Les armes à sous-munitions sont non-discriminantes par nature et infligent des pertes inimaginables aux civils.
Au lendemain des tirs de roquettes, Amnesty International a interrogé huit habitants, dont deux témoins – dont l'un a été blessé au cours de l'attaque. Elle s'est également entretenue avec un militant local et a analysé des preuves photos et vidéos fournies par l'organisme national de déminage, le Yemen Executive Mine Action Centre (YEMAC), qui a inspecté le site dans la demi-heure qui a suivi l'attaque.
Les employés du YEMAC ont confirmé l'utilisation du même type d'armes à sous-munitions lors d'une autre attaque qui s'est déroulée fin janvier dans le directorat d'Abdeen, à cinq kilomètres au sud de la ville de Saada.
Des zones d’habitation touchées
Selon des témoins et des habitants, les roquettes ont frappé des zones d'habitation à Gohza, al Dhubat et al Rawdha, et des sous-munitions ont également atterri sur des maisons d'al Maallah et d'Ahfad Bilal, ainsi que sur l'ancien et le nouveau cimetière situés au centre de la ville, et sur les fermes environnantes.
Latifa Ahmed Mueed, 22 ans, a raconté l'attaque contre Ahfad Bilal, qui s'est déroulée alors qu'elle se trouvait chez elle. Elle dormait avec son époux Talal al Shihri, son bébé de trois mois Hasan et son fils de trois ans Hussain.
« La bombe s'est abattue sur la maison, et a pénétré dans la chambre par le plafond. Elle a laissé un grand trou rond dans le plafond. À ce moment-là, nous avons entendu une forte explosion et quelques secondes plus tard, la bombe explosait dans la chambre et nous avons été blessés. Trois autres bombes ont explosé à l’extérieur... Les enfants n'ont pas été blessés, mais étaient sous le choc... Mon mari a été blessé au pied par des éclats d'obus, et moi au pied gauche, et nous sommes allés le soir-même à l'hôpital d'al Salam. »

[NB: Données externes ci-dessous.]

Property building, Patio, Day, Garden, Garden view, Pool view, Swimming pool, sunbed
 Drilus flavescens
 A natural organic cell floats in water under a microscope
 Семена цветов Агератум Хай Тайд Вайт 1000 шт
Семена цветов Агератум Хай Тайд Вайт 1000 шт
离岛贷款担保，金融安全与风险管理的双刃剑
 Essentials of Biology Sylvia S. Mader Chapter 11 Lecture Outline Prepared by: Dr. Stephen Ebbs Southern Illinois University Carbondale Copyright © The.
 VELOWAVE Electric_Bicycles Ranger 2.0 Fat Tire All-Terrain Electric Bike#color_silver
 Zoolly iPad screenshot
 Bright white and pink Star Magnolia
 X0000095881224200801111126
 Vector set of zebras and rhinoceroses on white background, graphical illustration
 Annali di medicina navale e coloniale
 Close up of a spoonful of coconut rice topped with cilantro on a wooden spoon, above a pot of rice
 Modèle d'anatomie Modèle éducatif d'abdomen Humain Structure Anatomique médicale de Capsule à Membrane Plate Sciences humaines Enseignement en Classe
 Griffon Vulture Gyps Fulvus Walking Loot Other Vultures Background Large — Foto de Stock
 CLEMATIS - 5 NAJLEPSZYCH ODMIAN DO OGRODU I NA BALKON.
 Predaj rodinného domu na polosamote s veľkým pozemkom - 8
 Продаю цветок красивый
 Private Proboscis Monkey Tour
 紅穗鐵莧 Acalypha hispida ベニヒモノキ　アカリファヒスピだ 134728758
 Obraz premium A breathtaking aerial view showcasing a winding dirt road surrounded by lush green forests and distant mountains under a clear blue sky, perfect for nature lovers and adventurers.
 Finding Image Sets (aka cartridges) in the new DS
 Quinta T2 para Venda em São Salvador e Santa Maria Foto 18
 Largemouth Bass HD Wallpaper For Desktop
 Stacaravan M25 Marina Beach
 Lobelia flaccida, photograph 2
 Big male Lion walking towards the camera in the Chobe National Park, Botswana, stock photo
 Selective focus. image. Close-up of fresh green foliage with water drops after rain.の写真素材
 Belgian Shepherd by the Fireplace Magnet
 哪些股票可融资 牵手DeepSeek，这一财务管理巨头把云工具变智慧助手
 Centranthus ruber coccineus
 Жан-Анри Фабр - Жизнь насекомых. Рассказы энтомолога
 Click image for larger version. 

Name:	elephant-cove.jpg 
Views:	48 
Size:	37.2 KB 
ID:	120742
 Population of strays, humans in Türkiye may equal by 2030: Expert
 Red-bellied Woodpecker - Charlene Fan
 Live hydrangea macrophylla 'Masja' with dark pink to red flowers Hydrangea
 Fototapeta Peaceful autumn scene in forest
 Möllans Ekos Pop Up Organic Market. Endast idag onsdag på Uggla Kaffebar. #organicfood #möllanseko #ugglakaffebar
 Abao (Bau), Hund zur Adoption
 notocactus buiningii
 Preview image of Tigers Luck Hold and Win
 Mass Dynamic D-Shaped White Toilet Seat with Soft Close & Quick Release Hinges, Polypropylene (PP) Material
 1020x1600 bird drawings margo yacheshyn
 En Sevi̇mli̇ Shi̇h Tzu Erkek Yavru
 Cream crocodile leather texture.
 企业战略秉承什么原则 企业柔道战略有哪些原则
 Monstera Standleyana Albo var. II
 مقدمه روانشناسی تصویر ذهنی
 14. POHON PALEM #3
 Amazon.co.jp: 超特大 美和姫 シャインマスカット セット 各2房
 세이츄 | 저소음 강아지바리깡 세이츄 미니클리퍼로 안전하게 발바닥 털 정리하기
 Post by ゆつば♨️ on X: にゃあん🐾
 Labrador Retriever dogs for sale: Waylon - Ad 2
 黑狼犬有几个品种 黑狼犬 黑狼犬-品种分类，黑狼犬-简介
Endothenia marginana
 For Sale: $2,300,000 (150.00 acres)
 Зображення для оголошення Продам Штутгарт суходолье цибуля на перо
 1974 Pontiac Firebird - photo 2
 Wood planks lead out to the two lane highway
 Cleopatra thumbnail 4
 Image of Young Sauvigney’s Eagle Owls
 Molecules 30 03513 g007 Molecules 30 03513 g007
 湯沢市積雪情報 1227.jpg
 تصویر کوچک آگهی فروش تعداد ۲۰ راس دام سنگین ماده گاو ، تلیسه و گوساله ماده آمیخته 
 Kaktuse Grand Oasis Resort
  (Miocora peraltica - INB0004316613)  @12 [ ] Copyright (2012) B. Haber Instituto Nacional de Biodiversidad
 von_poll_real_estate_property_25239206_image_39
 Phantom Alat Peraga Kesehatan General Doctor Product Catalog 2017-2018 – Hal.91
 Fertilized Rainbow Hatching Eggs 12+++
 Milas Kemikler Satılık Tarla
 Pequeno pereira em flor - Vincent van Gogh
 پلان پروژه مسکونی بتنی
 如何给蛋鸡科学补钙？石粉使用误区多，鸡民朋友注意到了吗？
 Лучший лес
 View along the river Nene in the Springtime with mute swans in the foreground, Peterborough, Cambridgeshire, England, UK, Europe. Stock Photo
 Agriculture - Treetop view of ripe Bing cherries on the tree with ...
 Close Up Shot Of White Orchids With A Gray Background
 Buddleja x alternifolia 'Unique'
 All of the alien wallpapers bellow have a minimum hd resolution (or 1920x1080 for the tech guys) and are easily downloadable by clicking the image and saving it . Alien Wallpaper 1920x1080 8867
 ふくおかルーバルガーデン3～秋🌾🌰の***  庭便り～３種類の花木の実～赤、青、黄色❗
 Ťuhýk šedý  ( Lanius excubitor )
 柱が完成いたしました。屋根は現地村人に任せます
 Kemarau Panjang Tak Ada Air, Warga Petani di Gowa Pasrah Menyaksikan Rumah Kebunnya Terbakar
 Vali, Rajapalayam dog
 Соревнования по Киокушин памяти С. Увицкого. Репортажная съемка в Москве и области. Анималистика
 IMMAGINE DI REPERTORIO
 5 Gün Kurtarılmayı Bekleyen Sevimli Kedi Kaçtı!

La bombe s'est abattue sur la maison, et a pénétré dans la chambre par le plafond. Elle a laissé un grand trou rond dans le plafond. [...] Trois autres bombes ont explosé à l’extérieur... Les enfants n'ont pas été blessés, mais étaient sous le choc... Mon mari a été blessé au pied par des éclats d'obus, et moi au pied gauche
Il y a quatre mois, lorsque leur maison de Baqim, à 12 kilomètres au sud de la frontière saoudienne, avait été touchée par une bombe, la famille avait fui, parcourant 78 kilomètres pour rejoindre la ville de Saada.
« Nous avons dû fuir notre maison de Baqim lorsqu'elle a été bombardée. La bombe est arrivée directement dans notre salon et a détruit l’habitation. Tout le monde a dû quitter la zone. Les bombardements étaient incessants. Nous sommes partis deux-trois mois après la frappe sur notre maison... Nous sommes partis à pied vers Saada et avons marché 20 kilomètres. J'étais enceinte de six mois à ce moment-là, et une voiture s'est arrêtée pour nous conduire jusqu'à Saada. »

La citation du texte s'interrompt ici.